When you think about it, it doesn’t make a whole lot of sense that the road to the Democratic presidential nomination would go through Utah or that, realistically, it would even be a pit stop.
But thanks to the completely bizarre Game-of-Thrones-style world of nominating politics, Utah will be a regular stop-over for the slew of candidates competing to be the Democrat to take on President Donald Trump in 2020 — and then get crushed in the Beehive State.
So why are they bothering to come here?
This past session, the Utah Legislature made two key changes, both of them helping to assure Utah’s voters have at least a little bit of a say in choosing their party’s nominees. SB242, sponsored by Sen. Curt Bramble, R-Provo, changes Utah’s nominating system from a party-sponsored caucus (remember those crazy long lines in 2016?) to a statewide primary.
More importantly, the bill moves Utah’s presidential primary up to March 3, where it will join 11 other states holding their nominating contests on what is called “Super Tuesday.”
While Utah is a small piece of that Super Tuesday field, at that critical juncture candidates can’t ignore a single delegate.
So, instead of having candidates fly into town to scoop up whatever money they can — as we saw Hillary Clinton do in 2016 — Utahns will get a chance to hear from the contenders, like Massachusetts Sen. Elizabeth Warren who is holding a campaign rally in downtown Salt Lake City on Wednesday evening.
Warren isn’t the first Democratic contender to visit the state — former Secretary of Housing and Urban Development Julian Castro and former Maryland Sen. John Delaney have already been through — and she surely won’t be the last.
“A number of the campaigns have already been reaching out to figure out when will be the best time” to come to the state, said Utah Democratic Party Chairwoman Daisy Thomas. “We will definitely be receiving almost all of them — if not all of the candidates — this year.”
And with more than 50,000 people running for the Democratic nomination, maybe we’ve finally plugged that hole left when the Outdoor Retailer show left for Colorado.
That’s an exaggeration.

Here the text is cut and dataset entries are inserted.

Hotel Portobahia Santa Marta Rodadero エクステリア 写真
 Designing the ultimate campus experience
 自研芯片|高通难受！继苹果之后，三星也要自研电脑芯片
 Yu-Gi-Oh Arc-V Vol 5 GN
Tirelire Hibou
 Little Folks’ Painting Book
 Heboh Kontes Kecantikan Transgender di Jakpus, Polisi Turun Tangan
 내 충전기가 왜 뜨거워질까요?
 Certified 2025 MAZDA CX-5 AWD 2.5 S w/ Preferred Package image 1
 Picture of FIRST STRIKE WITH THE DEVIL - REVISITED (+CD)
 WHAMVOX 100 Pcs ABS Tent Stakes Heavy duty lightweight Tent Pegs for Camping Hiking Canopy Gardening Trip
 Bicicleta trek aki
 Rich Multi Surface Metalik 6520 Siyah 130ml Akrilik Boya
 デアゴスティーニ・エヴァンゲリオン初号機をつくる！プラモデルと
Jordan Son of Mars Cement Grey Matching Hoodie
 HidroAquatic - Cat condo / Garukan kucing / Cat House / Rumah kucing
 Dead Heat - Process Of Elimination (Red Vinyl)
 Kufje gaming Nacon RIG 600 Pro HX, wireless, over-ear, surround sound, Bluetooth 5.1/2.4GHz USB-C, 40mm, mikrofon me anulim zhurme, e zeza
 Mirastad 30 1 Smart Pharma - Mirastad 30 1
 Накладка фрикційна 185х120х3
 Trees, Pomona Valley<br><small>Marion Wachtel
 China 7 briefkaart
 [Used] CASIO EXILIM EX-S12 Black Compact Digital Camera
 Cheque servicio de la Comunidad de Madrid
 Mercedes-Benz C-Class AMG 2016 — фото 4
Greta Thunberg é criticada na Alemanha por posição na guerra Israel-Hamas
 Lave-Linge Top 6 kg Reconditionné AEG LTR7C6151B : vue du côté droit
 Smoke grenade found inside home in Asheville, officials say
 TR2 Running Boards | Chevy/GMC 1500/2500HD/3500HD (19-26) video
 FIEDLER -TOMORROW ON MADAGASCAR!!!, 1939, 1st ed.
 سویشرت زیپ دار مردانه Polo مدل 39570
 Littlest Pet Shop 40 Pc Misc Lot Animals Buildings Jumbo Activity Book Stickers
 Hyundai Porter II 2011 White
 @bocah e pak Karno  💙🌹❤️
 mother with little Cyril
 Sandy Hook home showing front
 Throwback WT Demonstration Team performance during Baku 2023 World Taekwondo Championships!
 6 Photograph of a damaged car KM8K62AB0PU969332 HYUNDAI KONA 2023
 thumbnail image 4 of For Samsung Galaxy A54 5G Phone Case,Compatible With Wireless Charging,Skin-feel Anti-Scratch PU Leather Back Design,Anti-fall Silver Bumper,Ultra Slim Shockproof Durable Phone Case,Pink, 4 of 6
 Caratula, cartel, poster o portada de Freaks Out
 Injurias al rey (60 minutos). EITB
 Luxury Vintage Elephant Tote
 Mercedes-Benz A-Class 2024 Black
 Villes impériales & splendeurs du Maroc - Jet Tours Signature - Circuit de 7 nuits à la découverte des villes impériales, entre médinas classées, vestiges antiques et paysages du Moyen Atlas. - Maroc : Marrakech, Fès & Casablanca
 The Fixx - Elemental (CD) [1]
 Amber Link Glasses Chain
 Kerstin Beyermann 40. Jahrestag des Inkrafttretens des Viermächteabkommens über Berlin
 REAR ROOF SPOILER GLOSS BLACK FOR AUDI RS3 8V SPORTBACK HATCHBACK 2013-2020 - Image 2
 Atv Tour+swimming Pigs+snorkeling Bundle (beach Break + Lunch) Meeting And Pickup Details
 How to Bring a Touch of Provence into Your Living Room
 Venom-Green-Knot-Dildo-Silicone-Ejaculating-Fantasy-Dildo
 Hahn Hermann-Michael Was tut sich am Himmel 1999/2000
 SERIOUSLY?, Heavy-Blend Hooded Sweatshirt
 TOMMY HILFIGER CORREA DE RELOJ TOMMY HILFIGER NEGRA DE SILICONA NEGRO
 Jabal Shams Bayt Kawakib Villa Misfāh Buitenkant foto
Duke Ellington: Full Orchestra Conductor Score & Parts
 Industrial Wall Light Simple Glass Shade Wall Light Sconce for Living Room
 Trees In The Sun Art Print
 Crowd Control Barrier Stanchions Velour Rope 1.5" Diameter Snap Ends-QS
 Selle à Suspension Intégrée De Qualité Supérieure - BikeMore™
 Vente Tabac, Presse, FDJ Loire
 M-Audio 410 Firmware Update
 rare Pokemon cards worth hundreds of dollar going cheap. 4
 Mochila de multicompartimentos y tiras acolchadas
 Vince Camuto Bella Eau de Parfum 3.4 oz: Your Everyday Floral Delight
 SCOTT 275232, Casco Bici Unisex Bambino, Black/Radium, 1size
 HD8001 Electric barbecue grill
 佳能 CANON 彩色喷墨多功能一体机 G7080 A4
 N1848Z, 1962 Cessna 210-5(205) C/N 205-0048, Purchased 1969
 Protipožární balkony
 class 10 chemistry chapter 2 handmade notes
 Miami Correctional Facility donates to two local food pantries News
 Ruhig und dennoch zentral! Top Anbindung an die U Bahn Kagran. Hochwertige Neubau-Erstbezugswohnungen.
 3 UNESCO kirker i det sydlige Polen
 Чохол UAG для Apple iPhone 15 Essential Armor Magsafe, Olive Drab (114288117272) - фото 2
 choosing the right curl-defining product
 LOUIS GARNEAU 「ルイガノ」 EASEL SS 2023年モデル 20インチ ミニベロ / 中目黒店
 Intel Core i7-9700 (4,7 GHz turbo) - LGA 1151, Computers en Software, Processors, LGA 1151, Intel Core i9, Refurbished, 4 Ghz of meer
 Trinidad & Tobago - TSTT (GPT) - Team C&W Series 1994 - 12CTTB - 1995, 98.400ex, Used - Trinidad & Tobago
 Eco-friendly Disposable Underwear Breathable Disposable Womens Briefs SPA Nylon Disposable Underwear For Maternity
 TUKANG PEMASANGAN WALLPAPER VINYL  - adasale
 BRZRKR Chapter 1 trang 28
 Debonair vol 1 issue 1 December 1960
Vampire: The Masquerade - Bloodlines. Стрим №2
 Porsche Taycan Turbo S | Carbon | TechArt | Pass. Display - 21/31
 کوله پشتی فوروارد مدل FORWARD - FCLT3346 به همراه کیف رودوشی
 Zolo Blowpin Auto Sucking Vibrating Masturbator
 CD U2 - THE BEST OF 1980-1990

But it’s also a far cry from what we saw in 2016, when the parties held caucuses late in March. By then, both contests were practically locked up.
Even then, desperation brought Texas Sen. Ted Cruz and Ohio Gov. John Kasich out to try to stop Trump, who popped into town, too. And Sanders, grasping for anything to keep his campaign viable, came to town twice, turning out one of the largest crowds the state has seen for a political event.
Caucus turnout demolished expectations as Utah went for Cruz and Sanders — and it barely made any difference.
In 2020, of course, there won’t be much action on the Republican side. Utah GOP Chairman Rob Anderson said that, with “a presumptive coronation for President Trump,” it didn’t make sense for the party to raise the money to pay for the caucuses. (Taxpayers will pay $2.5 million to conduct the primary.)
The Trump campaign was fine with the change and Anderson said he thought holding Utah’s primary on Super Tuesday “would put Utah on the map.”
Thomas, his Democratic counterpart, agrees.
“Now that we’re part of Super Tuesday, we’re much more part of the conversation for these presidential candidates,” she said. “They’re going to all be working for every single delegate vote and making sure they’re coming and hitting Utah and talking to real Utahns across the state.”
That forces candidates to address issues important to Utah and the West. Just this week, ahead of a visit to Colorado and Utah, Warren rolled out a policy proposal focused on protecting public lands, repairing dilapidated national parks, and restoring the Bears Ears and Grand Staircase-Escalante national monuments.
Part of Warren’s proposal is an executive order banning any new fossil fuel development on public lands. It’s a radical idea to contend there’s nowhere in the 600 million acres of federal land in the West appropriate for oil and gas development and that the president has the unilateral power to shut it down.
But the important part is that Warren is talking about these Utah issues and other Democratic contenders will have to do the same over the next 10 months — that can only be good for our state.